A invasão dos mastodontes

Waldeck Ornélas

25/11/2021 06h11

Foto: Divulgação

Até parece que a COP26 não aconteceu. Recém-encerrada em Glasgow, lá não se discutiram apenas medidas de combate aos impactos das mudanças climáticas, mas também, por via de consequência, que tipo de cidade devemos ter daqui para a frente. É que a humanidade começa a renunciar ao automóvel e ao modernismo urbanístico, voltando-se para um estilo de vida sustentável.

Na contramão da tendência mundial, o que aqui se vê em Salvador é a cidade sendo invadida por “lojões” e “atacadões”, que avançam pelas avenidas Luís Viana, Antônio Carlos Magalhães, Vasco da Gama e Vale dos Barris, além de em bairros populares. No novo modelo da cidade de quinze minutos são os mercados de bairro que crescem, do que aqui se tem exemplos, como no novo Vitória Garden, no Corredor da Vitória, demonstrando que se pode fazer o certo e com qualidade.

Até as estações de metrô, que em todas as grandes cidades passam despercebidas, aqui ganharam dimensões exageradas, agredindo a imagem urbana.

Conquistar a Baía de Todos-os-Santos – que acaba de completar 520 anos da sua descoberta pelos navegadores europeus – constitui um desafio para a Bahia, permitindo o desenvolvimento da economia náutica e a reintegração das dezessete cidades localizadas em sua borda, que tanta importância econômica tiveram no passado colonial, legando-nos um magnífico patrimônio arquitetônico, urbanístico e cultural que, aliado às praias e à tranquilidade de suas águas, implora por ser aproveitada.
Não basta ser uma das mais belas baías do mundo; precisa se tornar um dos mais aprazíveis e dinâmicos lugares de entretenimento e lazer de todo o planeta.
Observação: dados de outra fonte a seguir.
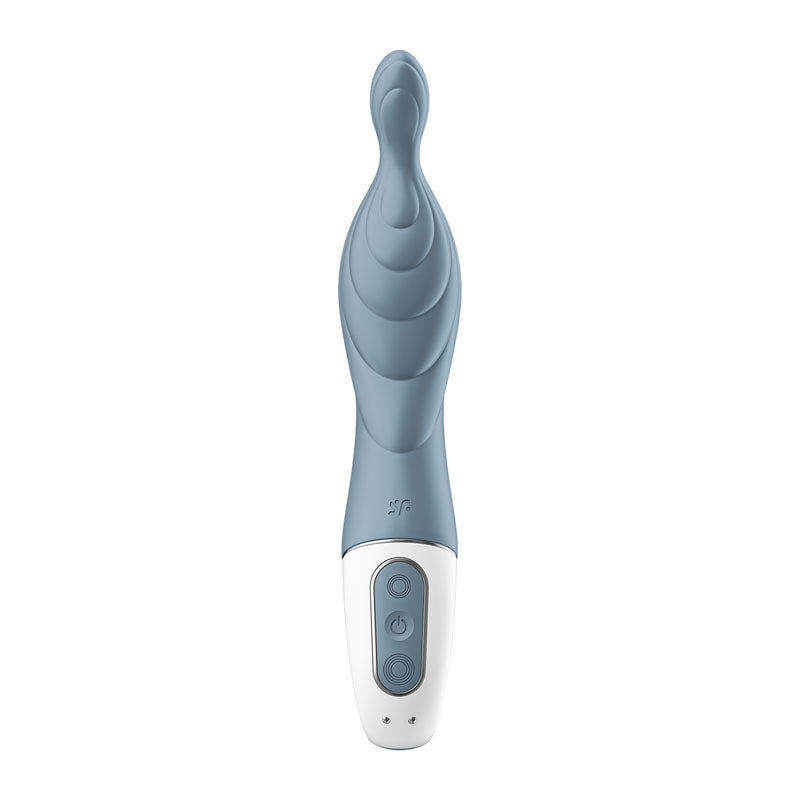 Satisfyer A-Mazing Grey | A-spot & G-spot Vibrator | Dual Powerful Motor & 12 Vibration Settings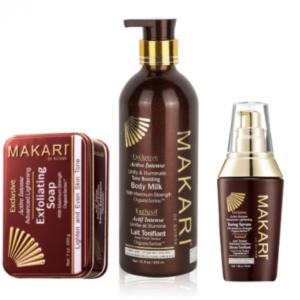 Kit Makari Sérum, Lait et Savon Tonifiants Exclusifs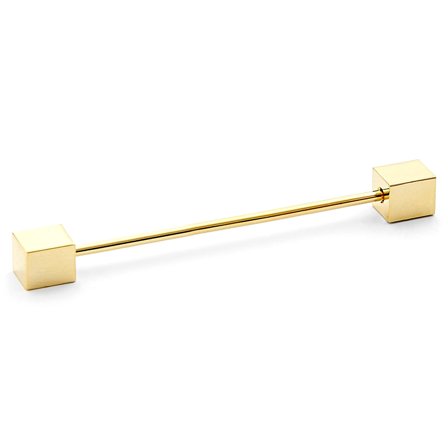 Gold-Tone Cube Collar Bar for Men - Collar pins & bars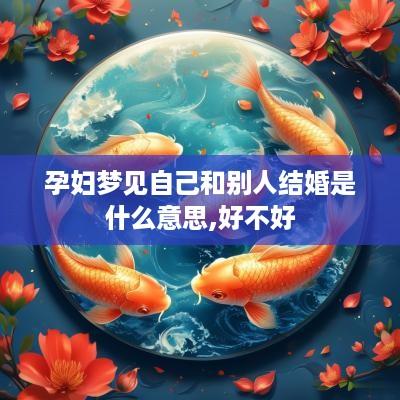 孕妇梦见自己和别人结婚是什么意思,好不好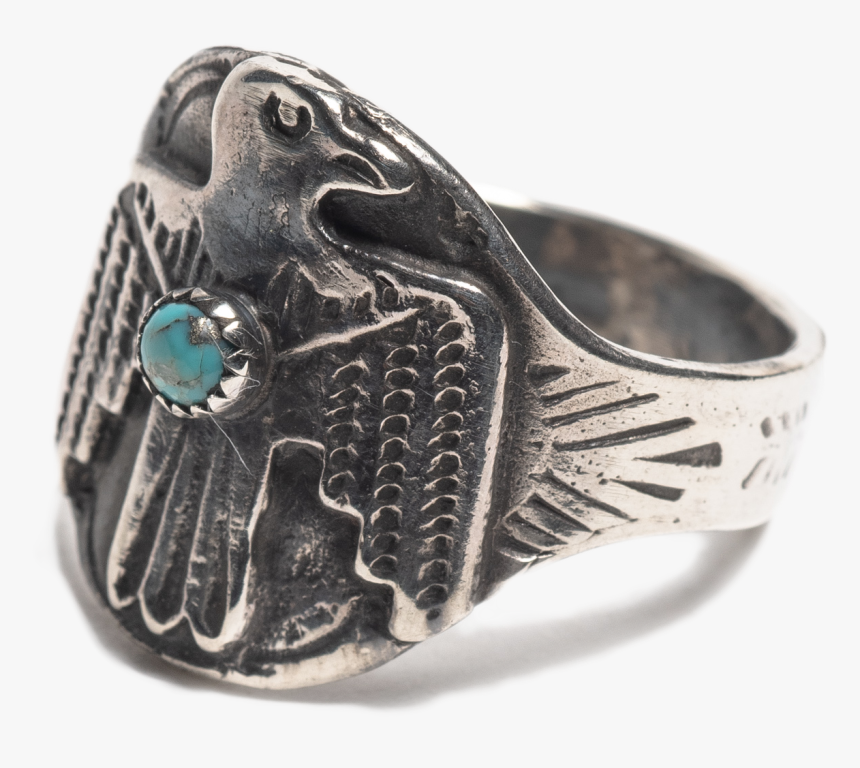 Sterling Silver Vintage Sterling Silver Navajo Thunderbird - Titanium Ring, HD Png Download, Free Download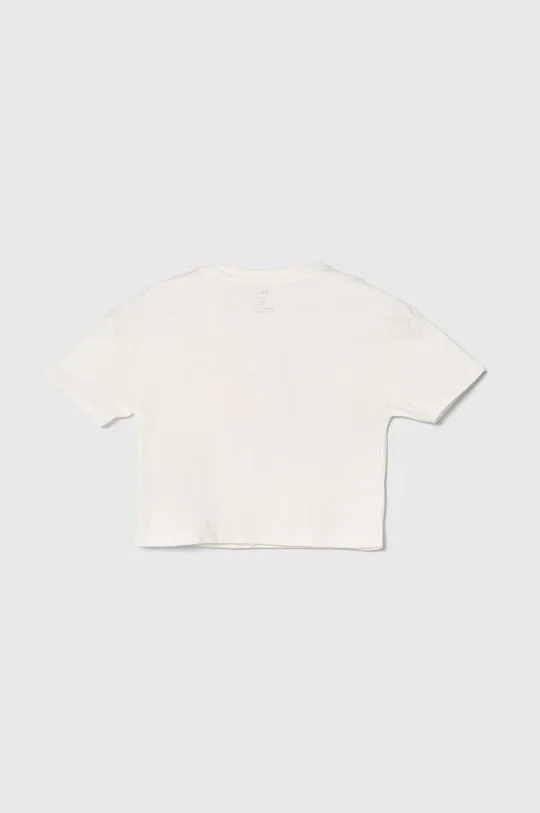 Дитяча бавовняна футболка zippy білий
Nada a ver com a ponte mastodôntica, disfuncional e antiquada, que sobre ela se quer implantar, tratando-a como um estorvo a ser vencido, mais uma vez a serviço do automóvel, mais uma vez na contramão da sustentabilidade.

Mesmo quando se tem ganhos de qualidade, como no bairro do Comércio, seus benefícios não são entregues à população. É o caso do recuo dos armazéns do porto. Quatro deles já cederam espaço à nova realidade portuária – onde o terminal de contêineres é o que conta – mas têm sido substituídos por edificações que negam o acesso da população ao cais, ao contrário do que ocorre em todas as cidades do mundo – inclusive aqui mesmo no Brasil, como no Rio e em Belém – que têm reestruturado as suas zonas portuárias, reintegrando-as à vida urbana.

Com a reurbanização da Praça Cairu e o fechamento da via que circundava a antiga Alfândega, hoje Mercado Modelo, criando uma grande esplanada, expôs-se, agressivo, um cercadinho destinado ao estacionamento de automóveis para usuários de uma marina... como se não houvesse bem na esquina um edifício-garagem; o mesmo odiento privilégio se verifica nos fundos da agência da Receita Federal; e há até um estacionamento público. O povo é que precisa ter acesso ao cais do porto, não os carros!

Reconheça-se o espírito colaborativo da Companhia das Docas do Estado da Bahia - Codeba, que tem progressivamente aberto mão de espaço portuário, numa ação que poderia ser de logo ampliada com a derrubada dos puxadinhos outrora acrescidos entre um armazém e outro. Nesse caso, por medida de segurança das operações ainda remanescentes, basta que seja restabelecida a permeabilidade visual para o mar.

No momento em que se discute a necessidade imperiosa de povoar o Centro Histórico – que perdeu suas funções de centro financeiro, de comércio atacadista e exportador – é indispensável que não apenas o Poder Público, mas também o setor privado dê as caras, assumindo o seu papel de agente empreendedor.

Salvador é, pela própria natureza e por sua Cultura singular, uma cidade privilegiada e diferenciada, que reúne condições excepcionais para possibilitar aos seus habitantes – e aos muitos que a visitam – a tão desejada qualidade de vida. Favor não atrapalhar.

Waldeck Ornélas é especialista em planejamento urbano-regional. Autor de Cidades e Municípios: gestão e planejamento.